-------- ENTRIES PROVIDED

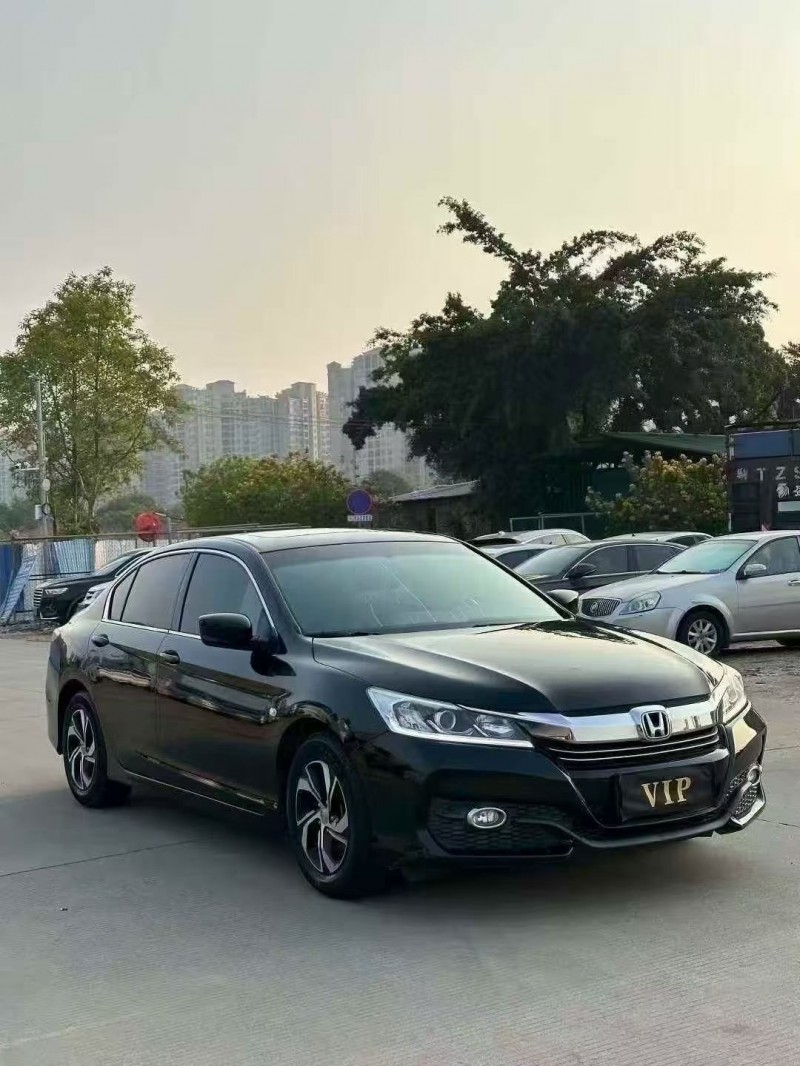 中山18年本田雅阁4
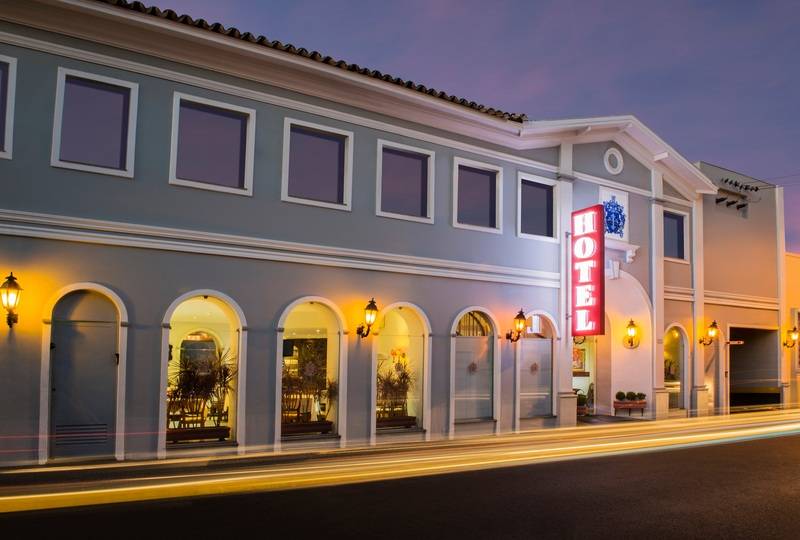 בית מלון כפרי Colonial Plaza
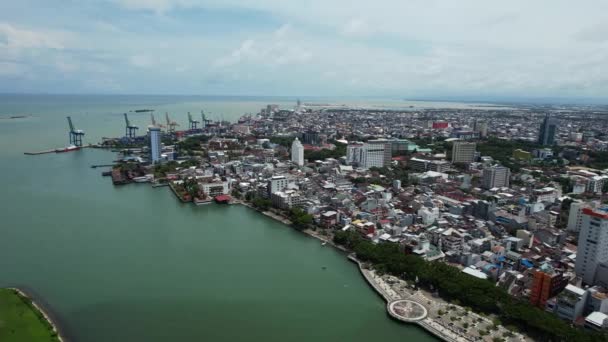 Vista Aérea Ciudad Makassar Sulawesi Indonesia Con Grandes Edificios Puerto — Vídeos de Stock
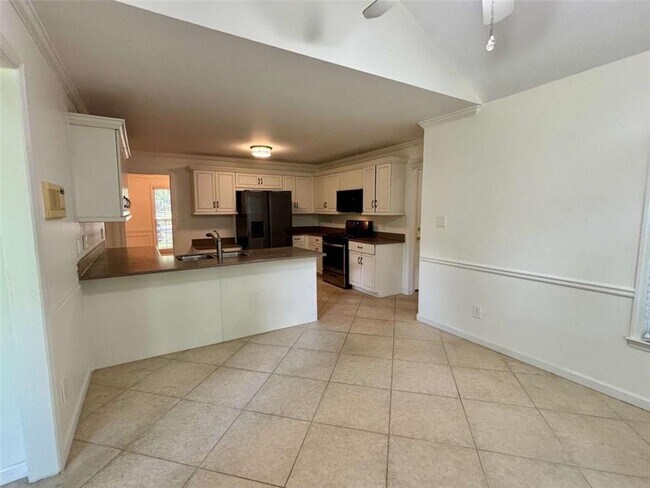 Building Photo - 4160 Creekwood Dr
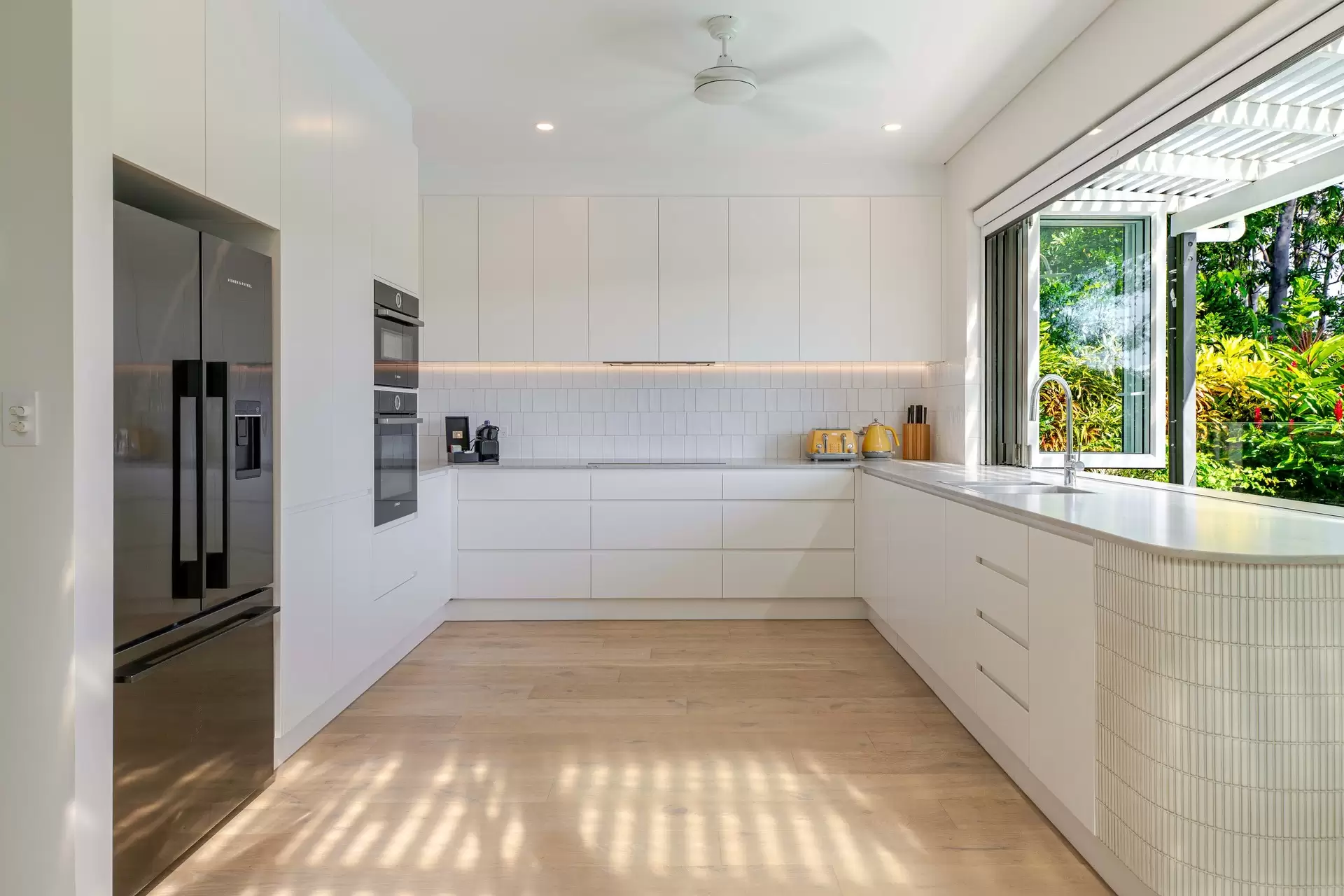 16/1 Rachel Carson Lane, Port Douglas For Sale by Queensland Sotheby's International Realty - image 1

----------------

| TASK GOAL |
Could you set down nothing but the lines from the one containing "Building Photo - 4160 Creekwood Dr" through the last line of the records above, both ends included, exactly as given and free of pictures?

| SOLUTION FOR THIS EXERCISE |
 Building Photo - 4160 Creekwood Dr
 16/1 Rachel Carson Lane, Port Douglas For Sale by Queensland Sotheby's International Realty - image 1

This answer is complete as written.